§ TASK
Please restate, word for word, the lines below that begin at the one with "1934 Vista Oaks Drive, Carrollton" and end at the one with "Toledo - Klášter". Leave out all other lines.

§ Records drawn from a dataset
---
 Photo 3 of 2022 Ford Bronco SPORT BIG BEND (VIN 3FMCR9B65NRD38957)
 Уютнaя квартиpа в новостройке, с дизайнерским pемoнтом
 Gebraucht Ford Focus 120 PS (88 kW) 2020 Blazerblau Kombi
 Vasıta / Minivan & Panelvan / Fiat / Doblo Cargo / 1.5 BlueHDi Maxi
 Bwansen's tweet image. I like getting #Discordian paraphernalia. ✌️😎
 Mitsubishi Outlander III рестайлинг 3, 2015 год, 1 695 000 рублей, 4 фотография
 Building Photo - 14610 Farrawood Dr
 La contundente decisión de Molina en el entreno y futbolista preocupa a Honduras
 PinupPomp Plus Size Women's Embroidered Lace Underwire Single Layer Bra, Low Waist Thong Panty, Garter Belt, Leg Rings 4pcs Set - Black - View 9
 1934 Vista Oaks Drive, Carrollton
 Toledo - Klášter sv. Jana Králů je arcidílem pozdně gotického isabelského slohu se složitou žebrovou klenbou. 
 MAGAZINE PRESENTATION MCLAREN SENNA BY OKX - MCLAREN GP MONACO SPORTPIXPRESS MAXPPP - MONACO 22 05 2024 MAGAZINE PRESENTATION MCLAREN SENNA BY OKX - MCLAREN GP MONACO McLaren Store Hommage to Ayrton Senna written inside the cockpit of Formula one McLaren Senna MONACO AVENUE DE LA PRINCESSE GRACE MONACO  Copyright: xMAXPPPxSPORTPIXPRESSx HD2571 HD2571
---
§ EXERCISE OUTPUT
 1934 Vista Oaks Drive, Carrollton
 Toledo - Klášter sv. Jana Králů je arcidílem pozdně gotického isabelského slohu se složitou žebrovou klenbou. 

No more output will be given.